Senin, 12 Juni 2017

Fayakhun Andriadi Kritisi Pendidikan di Era Orde Baru



Pendidikan di era perjuangan kemerdekaan diakui oleh Fayakhun Andriadi, Ketua DPD Partai Golkar DIY, mampu melahirkan gerakan pembebasan yang ujungnya adalah kemerdekaan Indonesia. Fayakhun memberikan apresiasinya lewat ulasannya di akun kompasiana.com. Fayakhun menulis :
“Asupan pola pendidikan di era pergolakan kemerdekaan itulah yang mencirikan karakter bangsa di masa-masa awal kemerdekaan. Para pendiri bangsa yang merupakan tokoh-tokoh politik berkaliber internasional semisal Mohammad Natsir, Muhammad Yamin, Sutan Syahrir dan lain sebagainya adalah para cerdik pandai yang pernah mengenyam pendidikan formal maupun informal. Namun formalitas pendidikan yang mereka jalani mampu melahirkan nilai-nilai pembebasan bagi masyarakatnya.”

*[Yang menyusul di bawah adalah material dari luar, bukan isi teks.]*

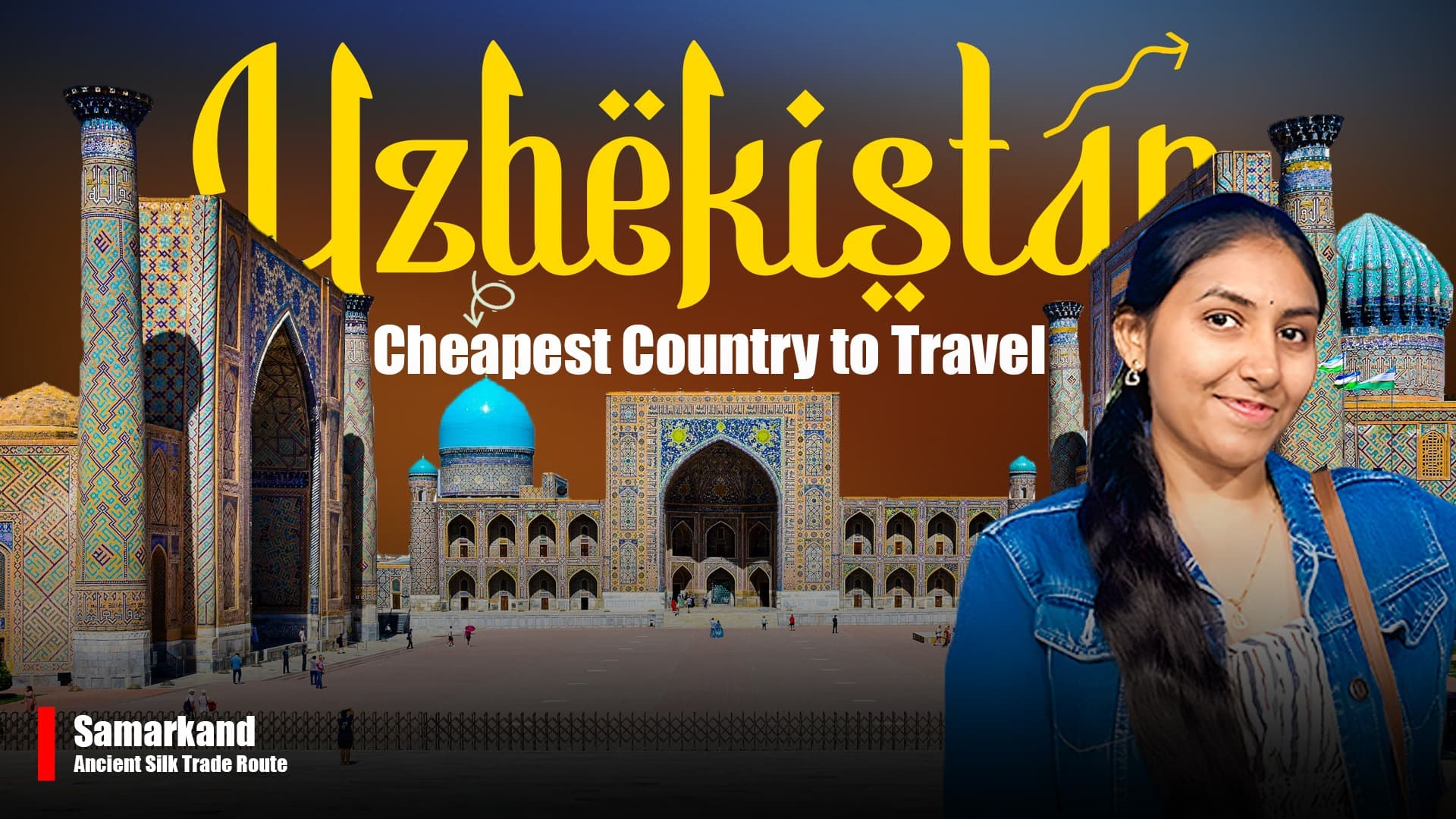 Uzbekistan – Cheapest Country to Travel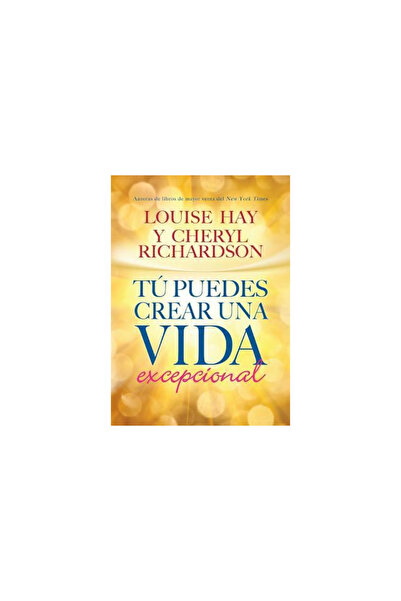 Hay House Tu Puedes Crear Una Vida Excepcional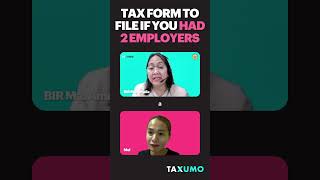 What tax form should you file if you had two employers in a year? 🤔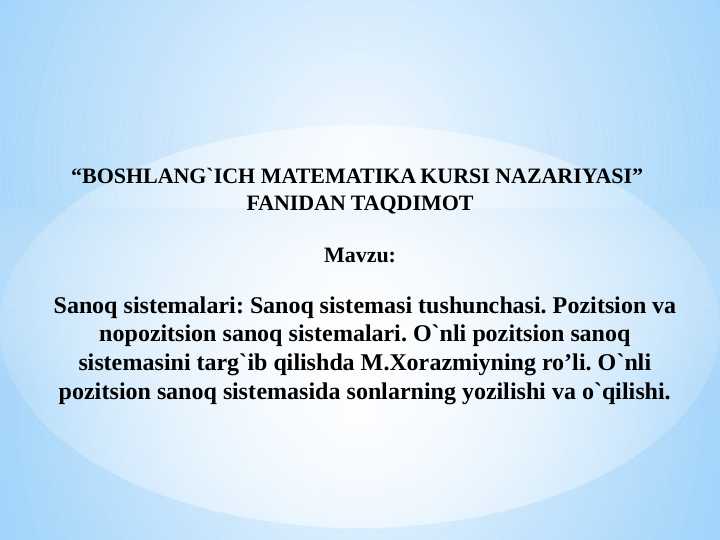 Sanoq sistеmalari: Sanoq sistеmasi tushunchasi. Pozitsion va nopozitsion sanoq sistеmalari. O`nli pozitsion sanoq sistеmasini targ`ib qilishda M.Xorazmiyning ro’li. O`nli pozitsion sanoq sistеmasida sonlarning yozilishi va o`qilishi.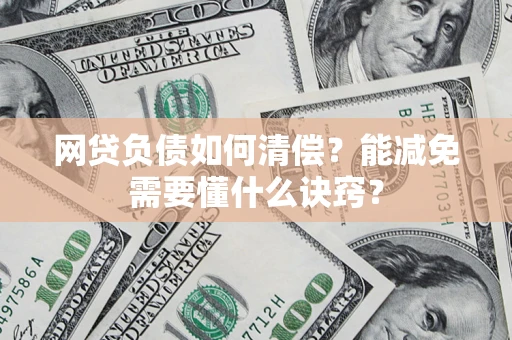 北京网贷负债如何清偿？能减免需要懂什么诀窍？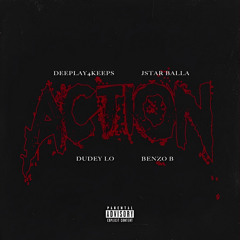 Action (feat. Jstar Balla, DudeyLo & Benzo B)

Hal inilah, yakni pendidikan untuk pembebasan, dalam pandangan Fayakhun tidak ditemukan di era setelahnya, terutama sejak era Orde Baru. Di era ini, menurutnya, pola pendidikan justru sangat diwarnai dengan aroma politisasi yang sangat kental. Kaum terdidik dan terpelajar lahir untuk dirinya sendiri, tidak hadir sebagai agen perubahan (agent of change) yang membawa idealisme kemajuan. Jika pun ada, maka karakter itu hanya muncul secara individual, tidak lahir dari sistem pendidikan yang disepakati dan dijadikan sebagai sistem pendidikan nasional.
Fayakhun mengutip Mochtar Buchori yang mengungkapkan sebuah fenomena historis terkait dengan pola pendidikan di Indonesia pada periode 1908-1945 dan 1959 dan 1998. Dalam periode 1908-1945 semangat pendidikan adalah "semangat melawan dan membebaskan". Sementara pada periode 1959-1998, semangat melawan dan membebaskan ini melemah secara sistematis, dan akhirnya menjadi lumpuh sama sekali. Semangat zaman yang ada selama Orde Baru ialah semangat "mengabdi penguasa".
Karena itu, Fayakhun menilai tidak sulit menyaksikan betapa kurikulum pendidikan menekankan pada hasil-hasil yang bersifat material. Hingga pada tahap tertentu mengklasifikasi anak didik dalam kategori-kategori tertentu berdasarkan nilai-nilai yang dihasilkan oleh anak didik. Sekolah menjadi lembaga pendidikan yang membagi masyarakat ke dalam kelas-kelas sosial yang tidak egaliter dan cenderung diskriminatif.
“Sekolah dianggap sebagai lembaga pendidikan dalam era industri yang telah menjadi sedemikian mekanistik. Penyelenggaraan pendidikan oleh sekolah merupakan praksis yang tidak sebangun dengan pendidikan itu sendiri. Murid-murid kemudian mempunyai logika baru; belajar dianggap sebagai hasil proses pembelajaran yang diadakan oleh sekolah, semakin banyak pengajaran maka semakin banyak hasilnya, menambah materi maka akan semakin mempermudah keberhasilan,” pungkas Fayakhun menyesalkan pola pendidikan yang tidak lagi menjadi gerakan pembebasan bagi bangsa.